Ein intensiver Noir-Roman aus Argentinien mit einer ungewöhnlichen Perspektive. Es ist ein preisgekrönter Thriller, der von Kirsten Brandt aus dem argentinischen Spanisch übersetzt wurde. Dieser Roman geht einem deshalb unter die Haut, weil die Geschichte von der fünfzehnjährigen Ámbar erzählt wird. Ihr Leben ist geprägt durch ihren Vater, Victor Mondragón, einem gefährlichen Gangster. Somit ist ihre Weltsicht durch Brutalität, Einsamkeit, Flucht und Kriminalität geformt worden. Sie ist es gewöhnt, ständig neu anzufangen und in neue Identitäten zu schlüpfen. Die Mutter ist weg und der Vater hat sie nun beständig an seiner Seite. Dadurch entsteht eine ungesunde Bindung und sie liebt ihren Vater, wie sie ihn auch zu hassen vermag.

Während Gleichaltrige sich mit Spielen, Konzerten oder anderen Dingen beschäftigen, lernt sie mit der Waffe umzugehen. Sie hat selbst ein abgesägtes Gewehr bei sich und sie hat die Wunden ihres Vaters zu versorgen. Sobald sie sich um die Schussverletzungen ihres Vaters gekümmert hat, wird sie mit der Auswahl der Tarnidentität belohnt. Sie kennt nur diese Welt und findet diese abstoßend, aber auch faszinierend. Sie möchte sich ein Tattoo machen lassen und spart heimlich darauf. Doch der Vater sagt auch, jedes gestochene Bild ist dann auch ein Wiedererkennungsmotiv. So auch der Auftakt, denn der Vater sucht einen Killer mit einem tätowierten Schlangenmotiv. Jemand hat seinen Komplizen erschossen und Victor verletzt. Nachdem der Durchschuss von Ámbar verarztet wurde, begeben sie sich auf einen düsteren Trip. Eine Reise, die Ámbar immer mehr in die Welt des Vaters eintauchen lässt, aber sie ihn auch langsam in Frage stellen lässt. Sie taucht ein in das brutale Leben und in die Vergangenheit von Victor und bekommt immer mehr Zweifel.

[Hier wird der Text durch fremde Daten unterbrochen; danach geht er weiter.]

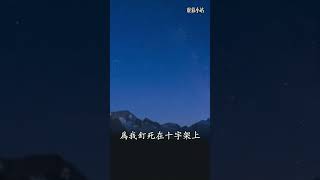 天天禱告 睡前禱文 9月5日 #禱告大能  #天天禱告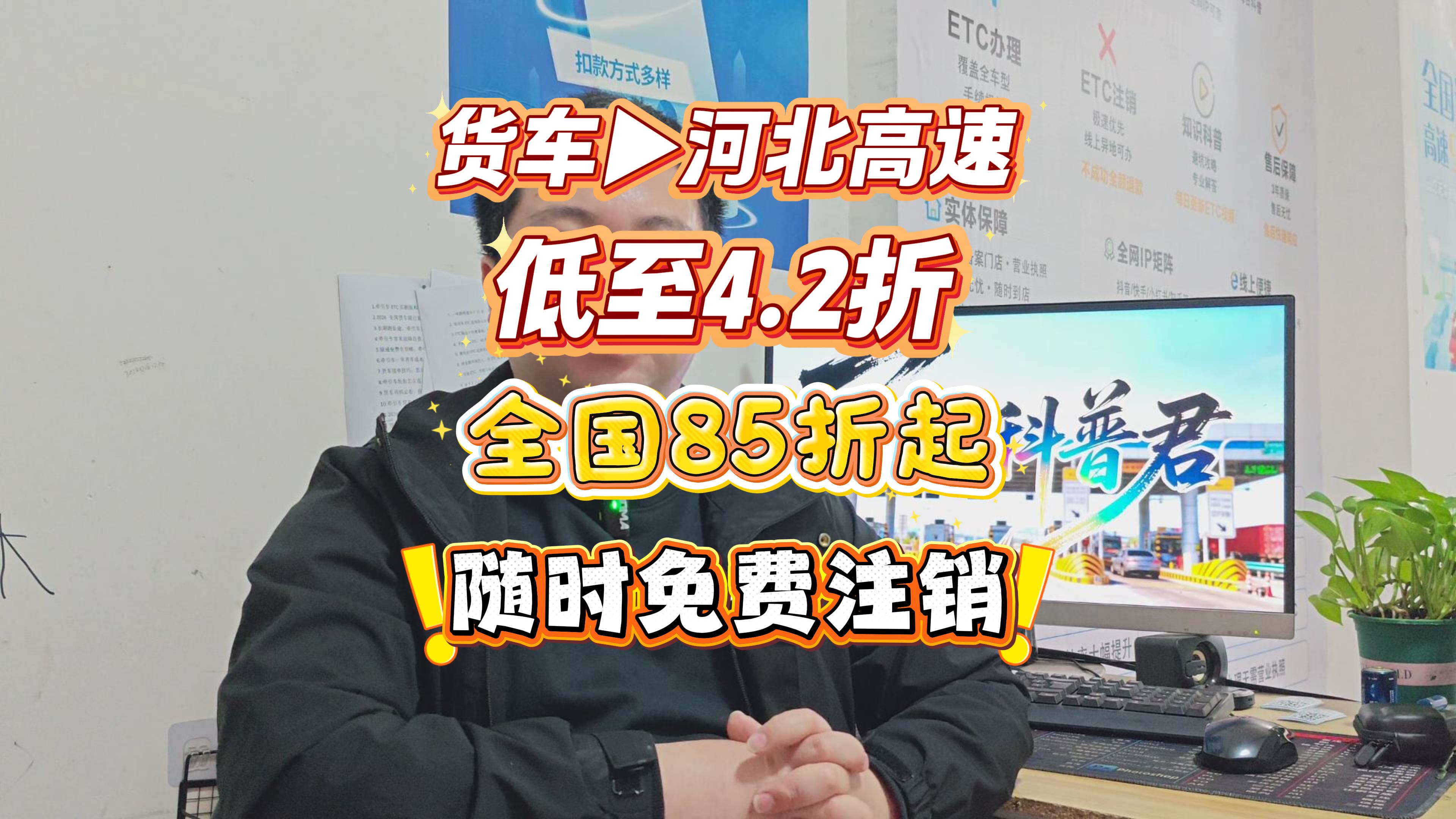 ETC科普君：2026河北货车ETC办理：最低4.2折跑高速，0押金0年费全国可办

Ein packender Roman über eine junge Heldin, die ihren Weg finden muss und dabei zwischen Loyalität und Selbstschutz balanciert. Besonders ihre Entwicklung macht den Reiz dieser spannenden und nahbaren Lektüre aus. Ein charakterstarker Roman, der sofort Bilder und Emotionen erzeugt und uns an die Seite von Ámbar stellt und dadurch eine kindliche Sicht auf eine düstere, aber wohl realistische Welt offenbart. Denn hier wird eine Jugendliche zur Heldin, die durch ihr Umfeld das Kindliche abgeworfen hat.